Hacker News new | ask | show | jobs
by aodj 1924 days ago
I was really interested in this as an easy way to help people get to grips with the intricacies of Pandas and working with dataframes, but after looking over the source code that's published on Pypi I don't think I can ever recommend this package to anyone due to the degree of tracking that's present in the code.

There's no mention of the Segment tracking in the docs, and I don't see anyway for the user to opt out of it, which I think is an immediate GDPR issue.

Given that you are logging metadata about the dataframes in use along with the user email and name of the logged in user, I can't see this ever being used in an environment where sensitive data is being processed, since it could potentially leak PII that's easily tied to a given company via the email address.

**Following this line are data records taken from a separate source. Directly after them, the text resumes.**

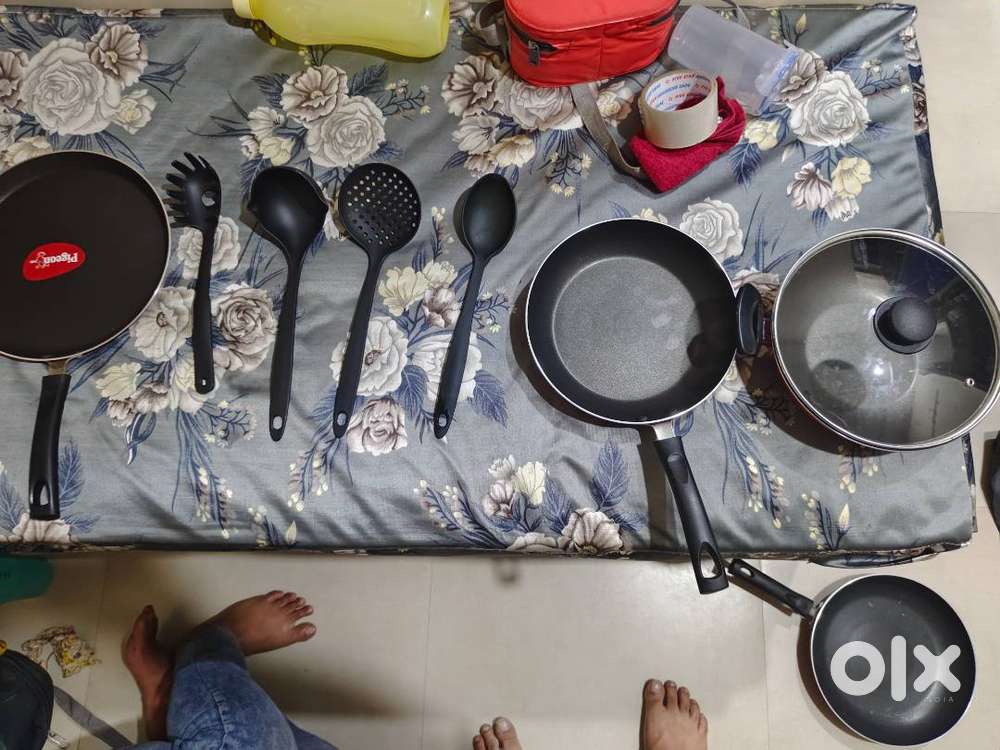 Kitchen utensils set of 8 peices Pigeon non stick vessels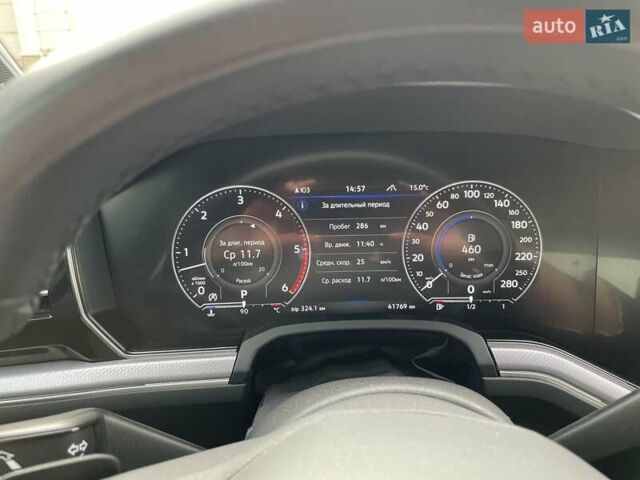 Сірий Фольксваген Туарег, об'ємом двигуна 2.97 л та пробігом 41 тис. км за 71990 $, фото 17 на Automoto.ua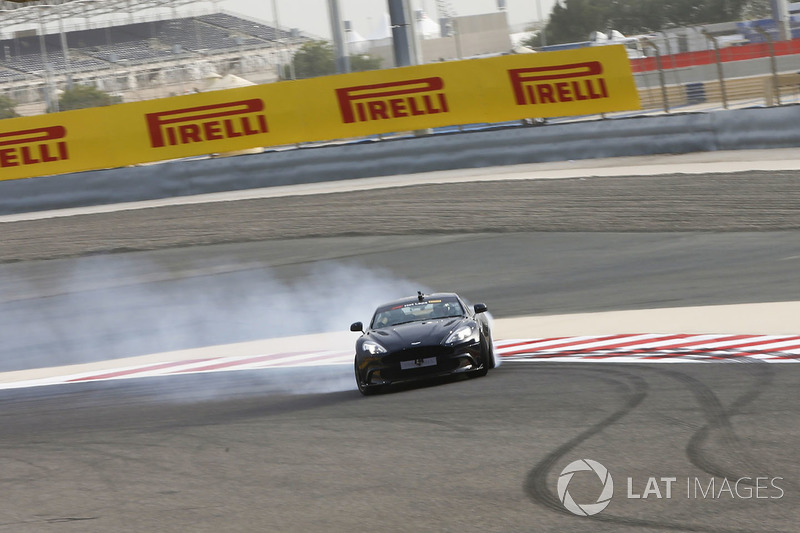 Заезд Pirelli Hot Laps: Даниэль Риккардо, Red Bull Racing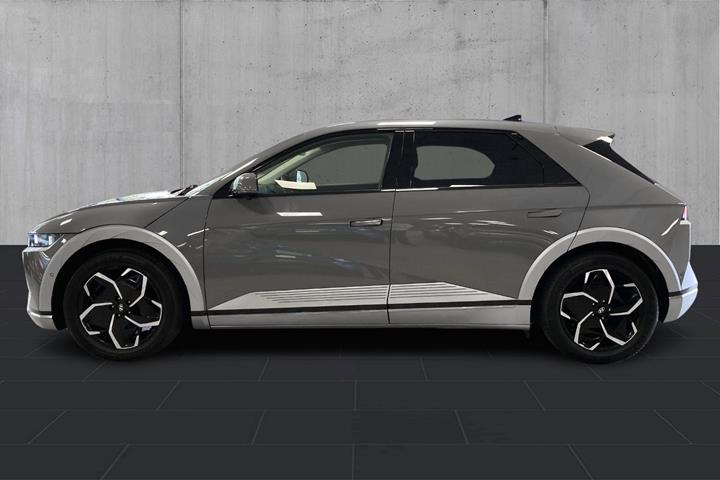 Grå Hyundai Ioniq 5 fra 2023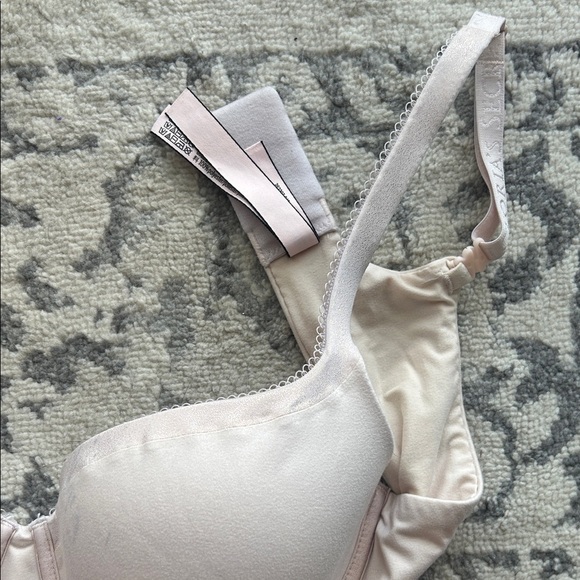 Victoria's Secret Soft Pink Bra - Picture 9 of 9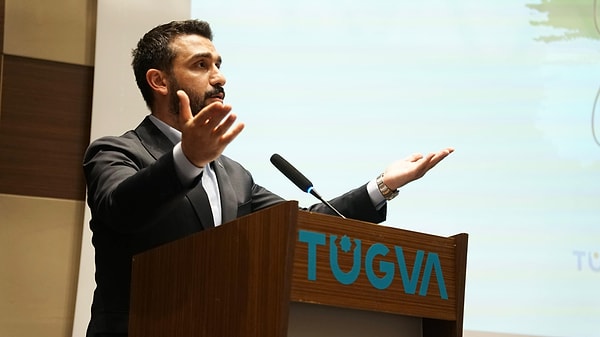 Demirkol'un görüntülerini TÜGVA Başkanı İbrahim Beşinci kendi Twitter hesabından paylaştı. Beşinci görüntülere, "TÜGVA Lise DoğaKampı'nda gençlik rüzgarı Doğu Demirkol ile esmeye devam ediyor! Gençlik burada, heyecan burada!" notunu düştü.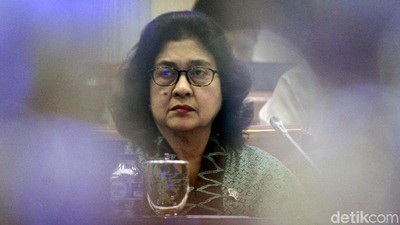 Menkes Nila Moeloek Bahas RUU Kebidanan Bersama DPR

This is a great idea, and I think if you can go with the BSD license and provide a way for people to opt out of tracking (or ideally flip it and allow them to opt in) this could be used in any number of industries. As it stands currently I just don't think this will ever pass a data audit at any large company which is a real shame.

1 comments

Thanks for that callout. We appreciate the perspective and will work on adding more disclosures of where logging does occur, making it easier for the user to opt out, and review what we are logging and how we can reduce it. I think your analysis is correct, but as a summary: we log the email provided by the user when they first create a mitosheet, the size of the dataframe, the header names of the dataframe, and then the interactions with the UI.

For our current users who have told us that they are not comfortable with logging, we have been able to turn off logging for their specific accounts. So if you're interested in continuing to checkout the tool while we make those improvements, just let us know.